Looking at the graph you can figure out that in fact the next correction looks to be $n^{-3/2} \log n$ dominating the next $n^{-3/2}$ term. Given this, one can do a plausible self-consistency check using the recurrence relation to find that the answer.

Specifically, suppose

$$u_n \sim \frac \alpha {\sqrt{2n}} + \frac {\beta \log n}{n^{3/2}}+\text{a sufficiently nice smaller series in particular }\mathcal{O}\left(\frac{1}{n^{3/2}}\right)$$

Then $$u_{n+1}=\frac{u_n}{1+u_n^2}$$ implies $$u_{n+1}-\frac{u_n}{1+u_n^2} \sim \frac 1 2 (\alpha - 2 \alpha^3) \frac 1 {n^{3/2}}+\cdots $$ so that $\alpha=0,-1/\sqrt 2,1/\sqrt 2$ are the options. You have checked that $\alpha=1/\sqrt{2}$.

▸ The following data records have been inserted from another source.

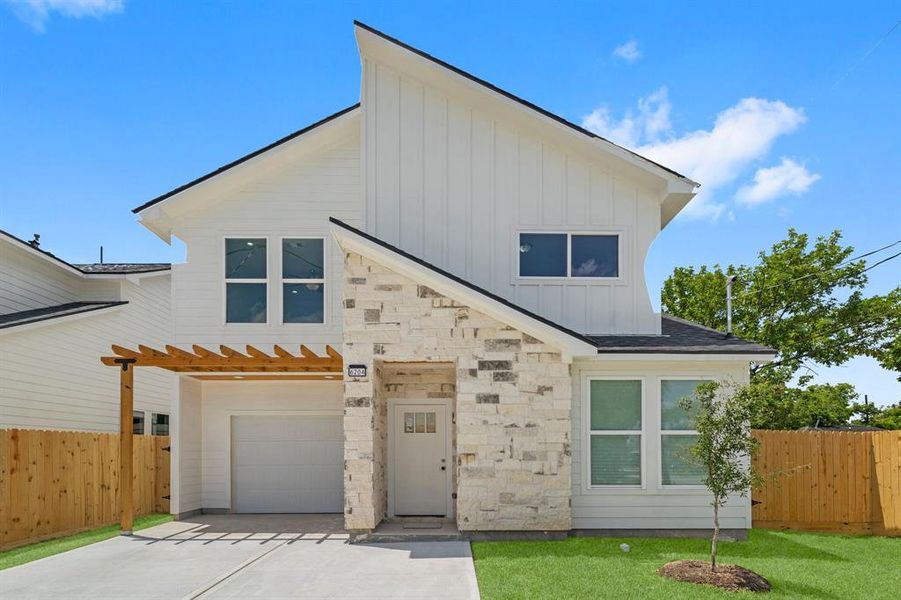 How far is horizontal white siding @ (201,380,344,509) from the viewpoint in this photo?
46.3ft

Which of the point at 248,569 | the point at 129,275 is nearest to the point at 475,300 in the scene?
the point at 248,569

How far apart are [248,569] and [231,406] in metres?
6.18

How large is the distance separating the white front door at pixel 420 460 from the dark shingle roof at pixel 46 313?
795cm

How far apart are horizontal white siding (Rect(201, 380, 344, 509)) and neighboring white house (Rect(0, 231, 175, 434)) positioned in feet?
4.40

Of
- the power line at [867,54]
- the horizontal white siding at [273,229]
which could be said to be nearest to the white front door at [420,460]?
the horizontal white siding at [273,229]

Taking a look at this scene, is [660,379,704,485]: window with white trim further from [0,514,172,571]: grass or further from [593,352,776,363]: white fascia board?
[0,514,172,571]: grass

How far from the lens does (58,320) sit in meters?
14.6

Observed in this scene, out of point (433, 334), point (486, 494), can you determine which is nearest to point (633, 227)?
point (433, 334)

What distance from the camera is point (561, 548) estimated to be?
31.5ft

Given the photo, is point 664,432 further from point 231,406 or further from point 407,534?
point 231,406

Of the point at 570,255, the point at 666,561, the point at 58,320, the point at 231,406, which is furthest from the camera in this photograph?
the point at 58,320

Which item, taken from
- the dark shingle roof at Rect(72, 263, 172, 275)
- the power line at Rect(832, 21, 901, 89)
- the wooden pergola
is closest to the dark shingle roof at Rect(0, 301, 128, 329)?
the dark shingle roof at Rect(72, 263, 172, 275)

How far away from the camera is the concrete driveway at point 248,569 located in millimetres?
7523

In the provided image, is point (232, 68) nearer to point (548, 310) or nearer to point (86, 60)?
point (86, 60) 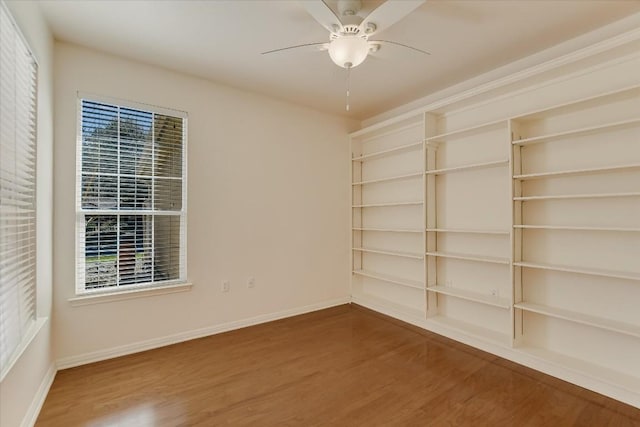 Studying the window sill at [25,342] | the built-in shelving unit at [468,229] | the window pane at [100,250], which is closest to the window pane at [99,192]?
the window pane at [100,250]

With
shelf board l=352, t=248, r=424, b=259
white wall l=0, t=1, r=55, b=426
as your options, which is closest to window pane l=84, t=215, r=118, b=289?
white wall l=0, t=1, r=55, b=426

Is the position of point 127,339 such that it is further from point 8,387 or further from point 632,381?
point 632,381

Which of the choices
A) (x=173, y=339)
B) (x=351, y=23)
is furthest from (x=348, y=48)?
(x=173, y=339)

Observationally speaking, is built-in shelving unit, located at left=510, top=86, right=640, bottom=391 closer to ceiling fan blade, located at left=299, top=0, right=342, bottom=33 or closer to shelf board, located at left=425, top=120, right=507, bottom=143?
shelf board, located at left=425, top=120, right=507, bottom=143

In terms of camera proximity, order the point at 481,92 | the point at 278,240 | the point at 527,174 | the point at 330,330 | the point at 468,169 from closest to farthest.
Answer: the point at 527,174, the point at 481,92, the point at 468,169, the point at 330,330, the point at 278,240

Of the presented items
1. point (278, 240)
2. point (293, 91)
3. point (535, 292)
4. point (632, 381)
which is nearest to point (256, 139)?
point (293, 91)

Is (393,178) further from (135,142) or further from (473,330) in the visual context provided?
(135,142)

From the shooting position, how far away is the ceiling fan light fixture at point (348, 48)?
82.1 inches

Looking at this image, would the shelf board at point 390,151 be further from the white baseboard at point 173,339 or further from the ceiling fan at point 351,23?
the white baseboard at point 173,339

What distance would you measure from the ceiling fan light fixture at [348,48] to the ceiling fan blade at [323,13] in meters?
0.08

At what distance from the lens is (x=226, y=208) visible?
11.5 feet

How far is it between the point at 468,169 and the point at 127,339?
3.86 meters

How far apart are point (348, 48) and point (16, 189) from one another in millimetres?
2239

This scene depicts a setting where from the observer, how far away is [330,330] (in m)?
3.54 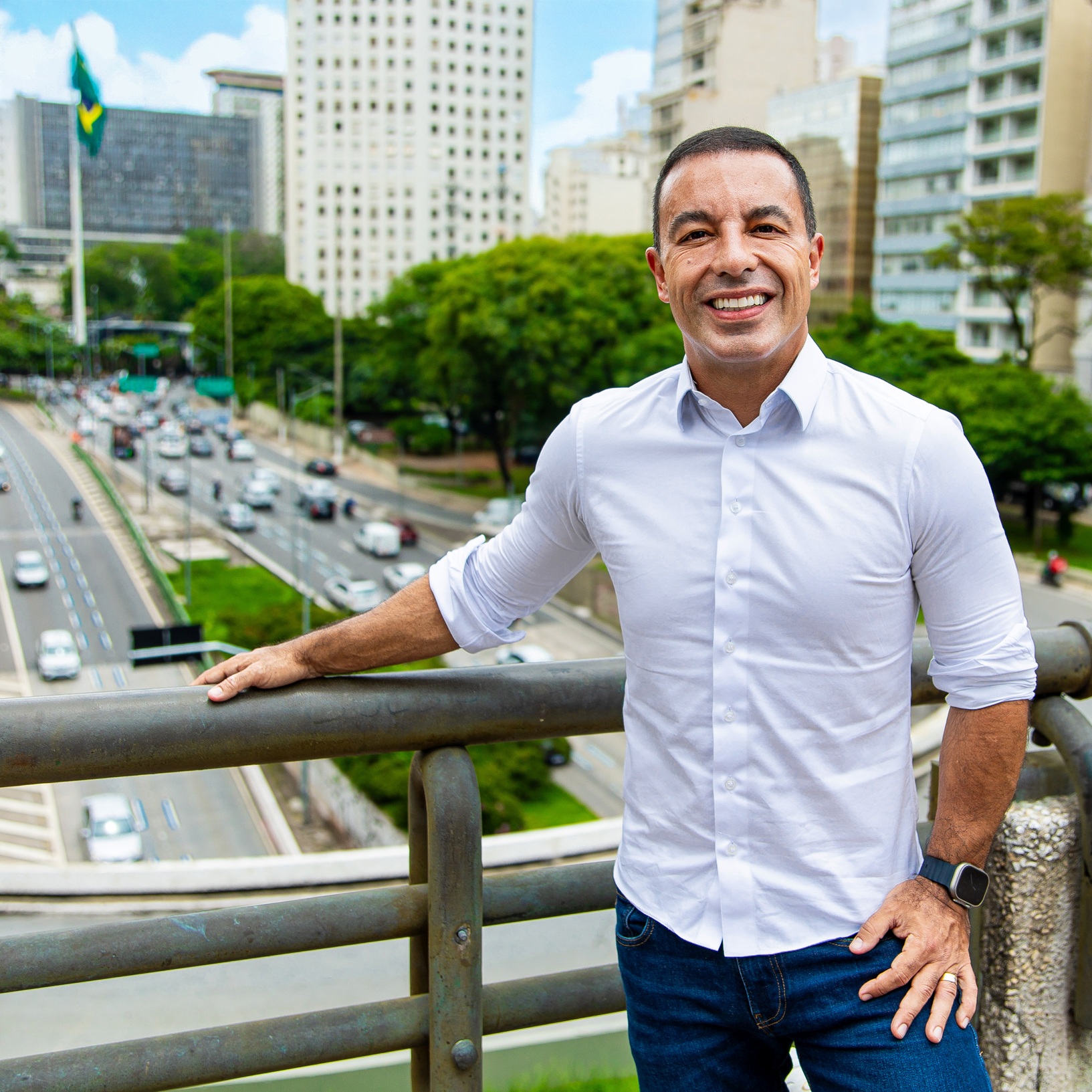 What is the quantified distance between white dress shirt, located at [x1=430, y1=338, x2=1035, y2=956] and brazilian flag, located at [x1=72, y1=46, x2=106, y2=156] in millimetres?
50541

Substituting this back in gives $$u_{n+1}-\frac{u_n}{1+u_n^2} \sim \left(-\frac 1 {8\sqrt 2} - \beta\right) \frac 1 {n^{5/2}}+\cdots $$ and hence it seems the only consistent result has $$\boxed{\displaystyle u_{n} \sim \frac{1}{\sqrt{2n}}-\frac{\log n}{8\sqrt 2 n^{3/2}}}$$

Numerically, I find the error $$\epsilon = \frac{u_n - \frac{1}{\sqrt{2n}}}{-\frac{\log n}{8\sqrt 2 n^{3/2}}} - 1\approx \frac{3.4}{\log n} \to 0$$ suggesting that indeed this is correct with the next term in the series being the expected $n^{-3/2}$ term.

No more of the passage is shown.